No pictures should appear in the copy. Reproduce exactly the lines from the one containing "Image of Paintball, sports" through the end of the material below.

**DATA SECTION:**
---*---
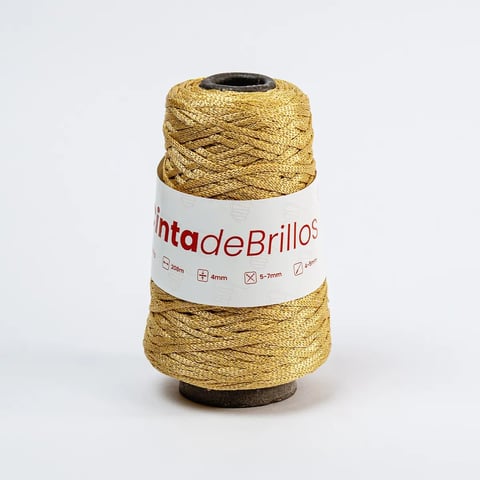 Carrete de hilo metálico dorado etiquetado Vinta de Brillos con cordel enrollado alrededor de un tubo de cartón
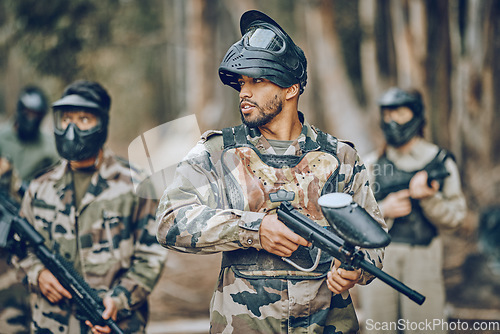 Image of Paintball, sports and team with gun in woods ready for games, arena match and shooting battle outdoors. Adrenaline, adventure and people with weapons in camouflage, military clothes and action gear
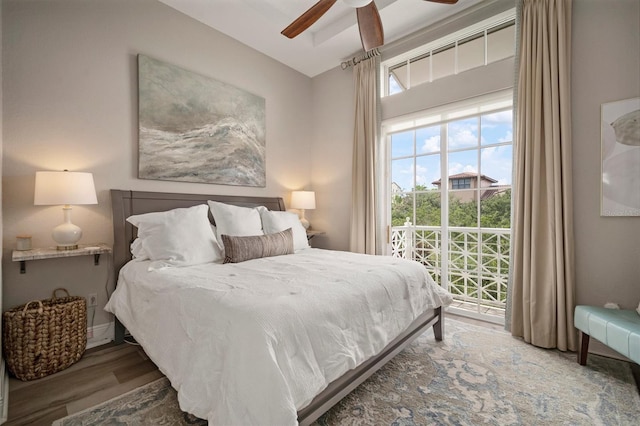 bedroom with ceiling fan and wood-type flooring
---*---
**WRITTEN ANSWER:**
 Image of Paintball, sports and team with gun in woods ready for games, arena match and shooting battle outdoors. Adrenaline, adventure and people with weapons in camouflage, military clothes and action gear
 bedroom with ceiling fan and wood-type flooring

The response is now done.